We used Mimulus cardinalis (aka Erythranthe cardinalis, Phyrmaceae) as our focal species to test a series of hypotheses regarding geographic range limits.  Amy and I received funding through NSF (DEB-0950171) to take a multifaceted approach to understanding what limits the distribution of M. cardinalis.  Specifically, we are integrating occupancy surveys, demographic monitoring, and historical inference using population genetic methods to gain a comprehensive understanding of the factors that regulate the distribution of M. cardinalis.

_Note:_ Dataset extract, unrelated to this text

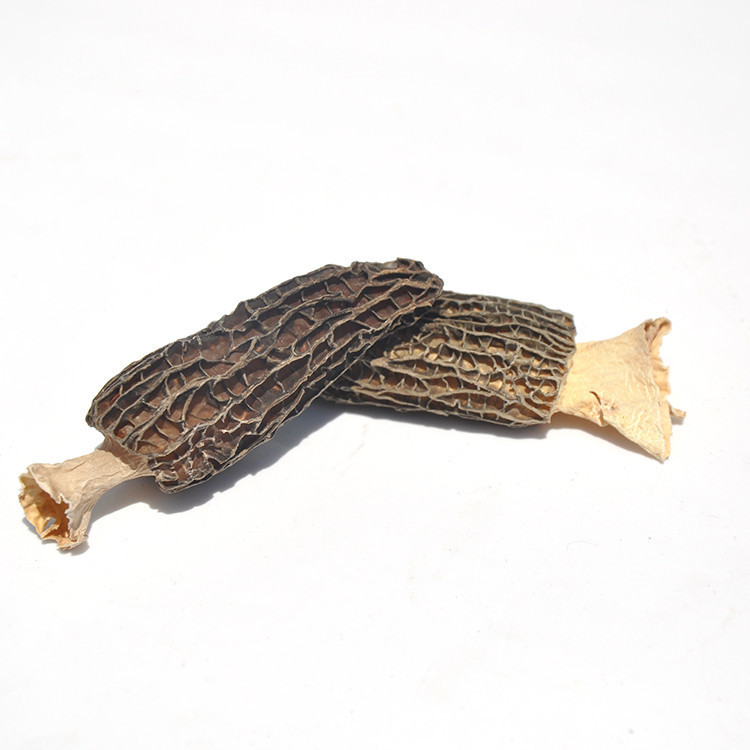Wholesale And Retail Dried Morel Mushroom And Dry Morchella In Fungus / Morchella Esculenta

Our research builds on Amy’s previous work in this system, in which she focused on understanding elevational range limits in M. cardinalis and M. lewisii.  Using demographic monitoring of populations at the center and margin of these two species’ elevational ranges, Amy found that marginal M. lewisii populations had suppressed population growth rates compared to central populations, while M. cardinalis showed the opposite trend, with the highest population growth rates in marginal (higher elevation) populations (Angert 2006, Angert 2009).  In addition, in reciprocal transplant experiments, Amy’s research demonstrated that these species survive and/or reproduce poorly outside of their natural elevational ranges, ruling out dispersal limitation as a viable explanation for their absence beyond their range margins (Angert and Schemske 2005).  Growth chamber experiments indicate that adaptation to different temperature regimes plays a pivotal role in restricting the ranges in these species (Angert 2006). Finally, she produced interspecific hybrids of M.lewisii and M. cardinalis, grew them at low and high elevations, mated the survivors at each elevation, and then grew the resulting progeny in a common greenhouse environment.  The relative fitness of these two selected hybrid populations were then compared to an unselected control population to look for evidence of adaptive trade-offs. This experiment demonstrated the role of adaptive trade-offs to temperature in restricting the ability of these species to adapt to novel conditions at their range margins (Angert et al. 2008) .

For our current work, we are focusing on M. cardinalis, a wide-ranging species found from the Baja Peninsula in Mexico north to central Oregon, and from the Pacific coast east to the Sierra Nevada Mountains in California (as well as a disjunct population in Arizona).  We took what we knew about elevational range limits in M. cardinalis, and investigated if common processes and mechanisms can be invoked to explain general geographic range limits in this species.

In 2008 we conducted extensive surveys to assess presence and absence of populations throughout the Northern two-thirds of the range, focusing on a latitudinal transect from the southern Sierras to central Oregon.  Amy’s lab has also established sites for demographic monitoring of populations along this transect, as well as extending towards the southern range limit (mirroring the demography sites that Amy previously established in Yosemite National Park).  Over two summers we expanded our occupancy surveys to quantify presence/absence of populations throughout the range based on stratified random points distributed throughout the range and beyond the current range margin.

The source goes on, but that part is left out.